The female dominance in residential brokerage has trickled into today’s generation of firms:

Real estate’s media farce

Why does real estate reality TV—across the globe—continue to fail when it comes to accurately reflecting the industry?

Elizabeth Ann Stribling-Kivlan, president of leading New York firm Stribling & Associates, names HGTV as a network that has tried for representation, with mother-daughter duos like Karen Laine and Mina Starsiak on Good Bones, as well as husband-wife teams like Chip and Joanna Gaines on Fixer Upper. Stribling-Kivlan—whose mother, Elizabeth, founded her namesake firm in the 80s—penned an essay last year entitled Dear Bravo, where are the women on ‘Million Dollar Listing’? before the channel announced Tutor-Maltas and Frankel’s new roles.

And she remains puzzled by the trend: “Does it have to do with the perception of powerful women on television?,” she mused over the phone, “Or how the American community will take it?” She admits she has no idea.

Dorothy “Dottie” Herman, chief executive of Douglas Elliman, thinks that the television problem isn’t necessarily deliberate: “For TV, it’s a formula that works with men and they kept it that way,” she says, pointing to Million Dollar Listing as one show with a “winning formula.”

“I don’t think it was a conscious decision not to have women,” she says, “the shows were successful as they were. I don’t think it’s a discriminatory thing.”

Herman also points out that New York is an outlier when it comes to female leadership, thanks to the aforementioned housing boom that turned the early pool of female brokers into real estate leaders.

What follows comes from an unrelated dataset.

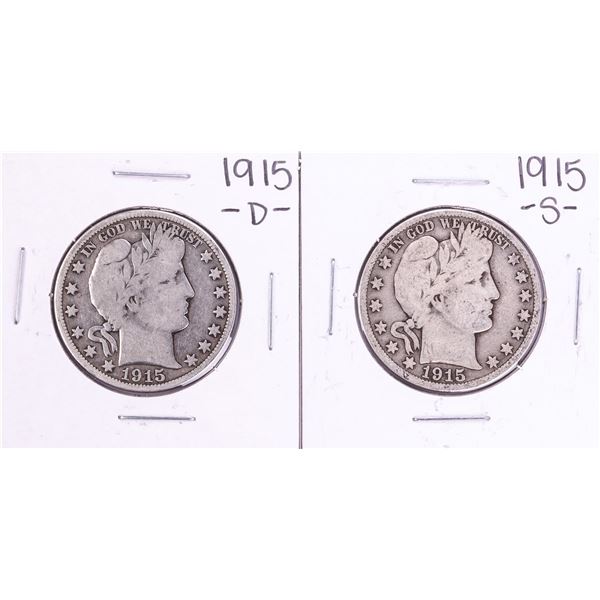 Lot of 1915-D & 1915-S Barber Half Dollar Coins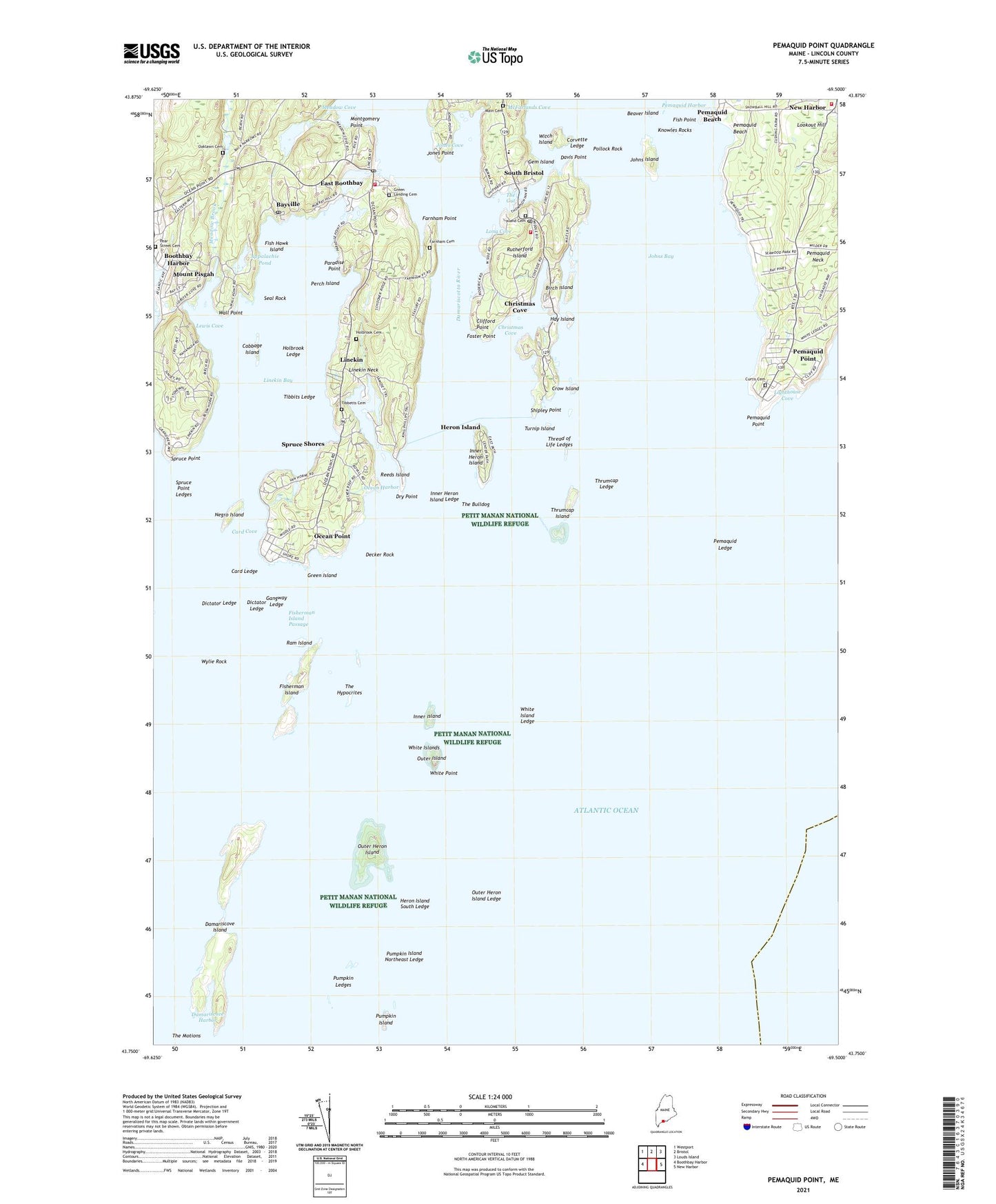 Pemaquid Point Maine US Topo Map Image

She notes that major firms across the US and world, especially in development and commercial sectors, are still lead by men.

But Herman suggests that Tracy Tutor Maltas’s ascent in Million Dollar Listing Los Angeles could be the welcome start of a new wave of real estate television: “She broke the ice!” she exclaims, “Now I don’t think it’ll be flooded with women… But as time goes on you’ll see more women.”

The Bravo Formula

The Bravo “formula” does tend to achieve a level of diversity, but in a way that ultimately mirrors the worldview of those at the very top. Take Bravo’s chief protagonist and former programming executive, Andy Cohen, who was the first openly gay host of an American late-night talk show and now serves as executive producer of the Real Housewives franchise.

Looking at shows like Real Housewives, it’s clear that Cohen and his fellow producers rely heavily on caricatures, and through the unbridled lens of reality TV cook up increasingly cartoonish versions of women and minorities: Take NeNe Leeks, who constantly labeled as ‘sassy’, but who is kept just a step away from the trope of the angry Black woman. This variety of diversity appears on Million Dollar Listing in the form of the peppy, perma-tanned gay man that mirrors Cohen himself. In both cases, these figures are used as a proxy for diversity, and in the former, often as a prop.

This may explain its exclusion of the real estate industry’s true demographics, which is typified by a 53-year-old white woman with a college degree. Maybe she just doesn’t fit into the worldview of those running the show, whose idea of diversity is limited at best, and warped at worst.